アプリ忘却症とは、アプリがユーザーの設定やデータを「忘れてしまう」現象を指します。例えば、新しいデバイスにアプリをインストールした際、以前の設定や保存したデータが失われることがあります。これは、ユーザーのアプリデータがデバイスのローカルにのみ保存されているからです。
バックエンドプラットフォームとの接続
この問題を解消するためには、アプリをバックエンドプラットフォームに接続することが必要です。しかし、バックエンドの構築は手間がかかるため、アプリの開発において時間が取られがちです。そこで、Googleは二つの新機能を提供しています。
Google Cloud Save
Google Cloud Saveは、開発者がバックエンドをコードで構築することなく、ユーザーデータをクラウドに簡単に保存・読み出しできる機能です。これにより、ユーザーは複数のデバイス間でのデータ同期や、アプリの再インストール時に設定が保持されることが可能となります。
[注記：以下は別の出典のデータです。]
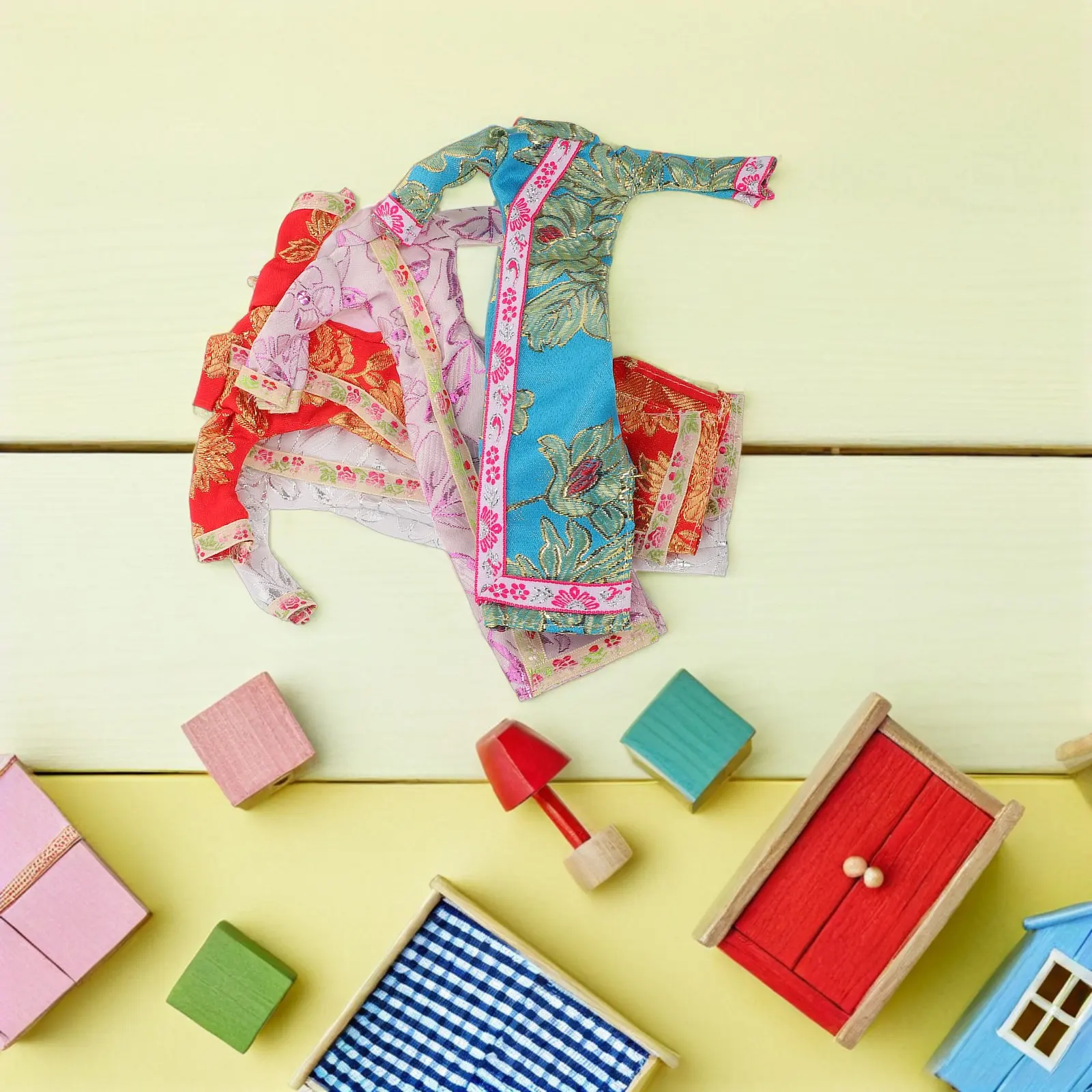 

4 set Outfits For Little Girls Outfit 30Cm Chinese Style Dress For Kids Floral Costume Play Party Decorative Accessory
- データはローカルに書き込まれ、その後自動的に同期されます。
- オフラインでもデータにアクセスが可能で、バッテリーへの影響を最小限に抑えます。
- 以下のわずか4つのメソッドでデータの保存や削除を行えます:
- .save(client, List): データの保存
- .delete(client, Query): データの削除
- .query(client, Query): データのクエリ
- .requestSync(client): 同期リクエストの発行
この機能により、開発者はユーザー特有のデータを自身のGoogle Cloud Datastoreデータベースに安全に保存できます。
Android Studioのクラウドツール
次に紹介するのは、アプリにApp Engineバックエンドを簡単に追加するための機能です。Android Studioでは、App Engineのバックエンドモジュールのテンプレートを提供しています。これにより、バックエンドの構築が簡素化され、開発者はアプリの中核機能に集中できます。
- App Engine Java Servlet Module: 最小限のバックエンド
- App Engine Java Endpoints Module: 基本的なエンドポイントの雛形
- App Engine with Google Cloud Messaging: プッシュ通知の設定
これらのテンプレートを選択すると、プロジェクトは新しいGradleモジュールで更新され、必要な依存関係やパーミッションが自動的に設定されます。
Google Cloud Endpointsの利用
バックエンドモジュールを追加した後、Google Cloud Endpointsを使用して、バックエンドとAndroidアプリの間の通信を効率化できます。Cloud Endpointsは、シンプルなJavaのサーバーサイドAPIアノテーションから強く型付けされた、モバイル最適化されたクライアントライブラリを自動生成します。
- JavaオブジェクトのJSONとのマッピングを自動化します。
- OAuth 2.0を組み込んだセキュリティ機能を提供します。
- 生成されたAPIを確認するためのエンドポイントAPIエクスプローラーを利用できます。
これにより、開発者はサーバーサイドのエンドポイントAPIを定義した後すぐに、Androidアプリからクライアントライブラリを呼び出すことが可能です。
Gradleの活用
最後に、アプリとApp Engineバックエンドをビルドするための重要なツールがGradleです。Android StudioがApp Engineバックエンドを追加すると、Gradle用のオープンソースプラグインが自動的にダウンロードされ、一般的なApp EngineのタスクがGradleの目標として利用可能になります。これにより、IDEやコマンドライン、継続的インテグレーション環境で一貫したビルドシステムを利用できるのです。
Google Cloudサービスを利用することで、モバイルアプリの開発はより効率的になり、ユーザーにとって快適な体験を提供することが出来ます。興味がある方は、ぜひこれらの機能を試してみてください。